Стихирская критика - явление особое

Волкъ Ангелъ
В КАЧЕСТВЕ ПРЕДИСЛОВИЯ. Это эссе не о рейтинге, не о баллах, а о критике. Хотя, на мой взгляд, стихирская критика – явление особое. Критикуют, в основном именно рейтингистов. Что касается меня, я считаю, что всё это своеобразные игры. Есть те, кто играет в рейтинг. И есть те, кто играет в игру под названием «поймать рейтингиста». Как бы сказала моя любимая тётя Роза – «Ну, так шо? Нехай ихрають. Чэм би дитё нэ тешылося, лишьба ни плакало».

ИТАК. Я попал на страницу одного автора, судя по всему, позиционирующего себя в качестве критика. Естественно, мне было любопытно ознакомиться с его собственным творчеством. Под одним его стихом развернулась длиннющая дискуссия. Из которой стало ясно, что у автора-критика есть «много» на его взгляд «самых удачных текстов», а тот текст, на который я зашёл, его самого «уже год как завораживает»). Так что, я оказывается вторгся в святая святых. По словам самого автора – «Образ-то раскрыт и ещё как! Это не хвастовство. Это факт. Иначе бы этот текст не был бы мне так близок. Но уже год как он меня завораживает».

Ну, что тут скажешь?)))  Поэтому автор-критик увидел в моём посещении лишь «желание отомстить» за «обиженного товарища и мою братию» и что я просто «защищаю»  своего «корешка».  А самого меня за разбор непогрешимого творчества автора  надо «гнать в шею», что «голословность» моей «критики очевидна». Но тем не менее, смягчившись, автор-критик всё-таки сменил гнев на милость и изрёк –  «Ну вот.

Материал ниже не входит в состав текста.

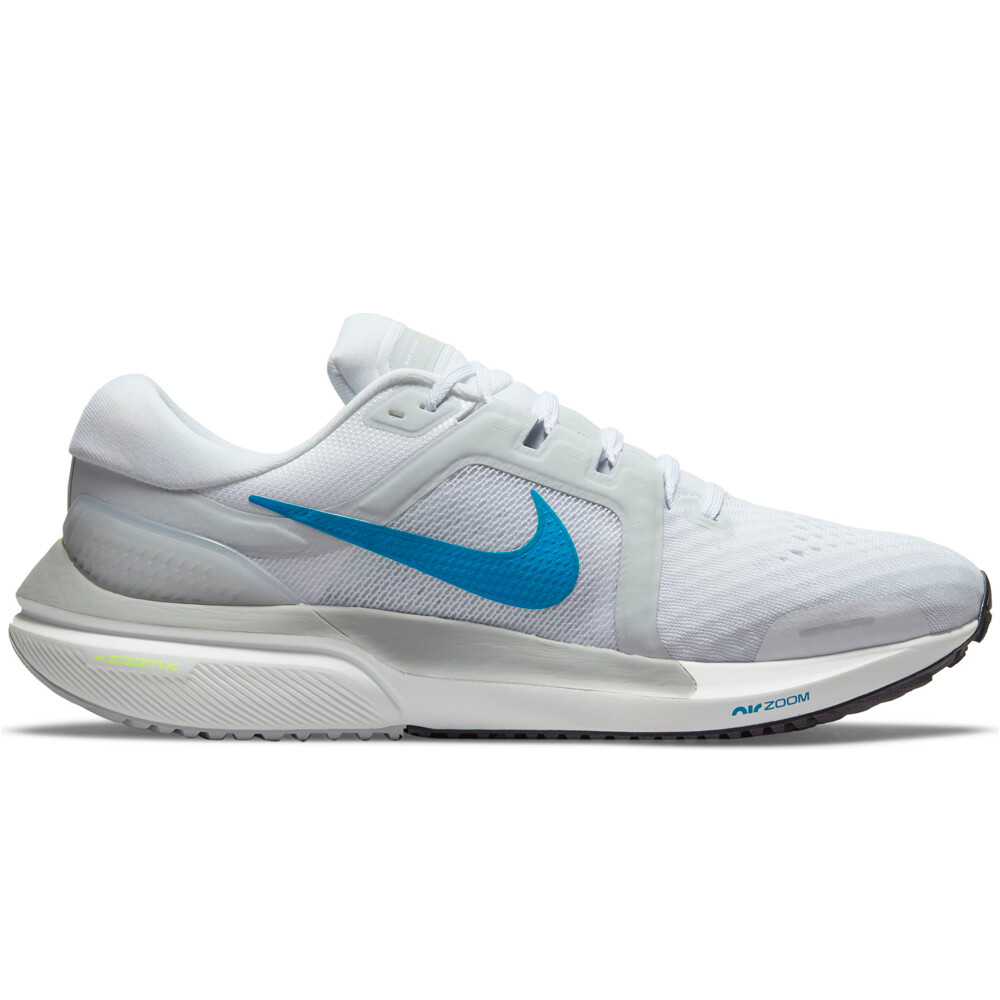 Nike zapatilla running hombre AIR ZOOM VOMERO 16 lateral exterior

Теперь, действительно, есть о чем, с вами поговорить». Правда в двух постах, следующих за этими словами следовал ликбез – что, о чём и как мне говорить. Я высказался. Так и появилось это эссе. Собственно, это просто мой последний пост из рецензии. Автор-критик остался неудовлетворённым. Но к слову сказать, после нашей «беседы»  автор свой текст несколько подправил. И тем не менее, мой последний пост был встречен восклицаниями – «Зачем мне эта информация?», «суть проста – вы хотели потрепать мне нервы,  вы не смогли должным образом разобрать текст», «Данный текст был понят многими моими знакомыми. То есть, можете не настаивать на своем, мне это кажется глупым». Далее автор критик  закончил словами – «Давайте теперь вашу страничку засорять». Ох, люблю филолухоф!))) Так шо, ждю. А то что-то я заскучал)).

ИТАК. Собственно эссе.

Автор, понять ваш текст и вашу позицию труда не составляет. Что такое эти ваши два длинных поста? Вы заявили -
1. «Теперь, действительно, есть о чем, с вами поговорить»
2. «Утверждаю это без излишней скромности как филолог»
3.  Также несколько раз вы употребили словосочетание «ваш хлеб».
В первом посте вы стали учить меня, как подходить к критике. Да и во втором тоже. Я люблю учиться, но не люблю скучного, ни на чём не основанного менторства.  У вас же это именно так. Зря. Вот тут как раз и нужна определённая и совсем не ложная скромность. Вы же не знаете, кто на другой стороне монитора.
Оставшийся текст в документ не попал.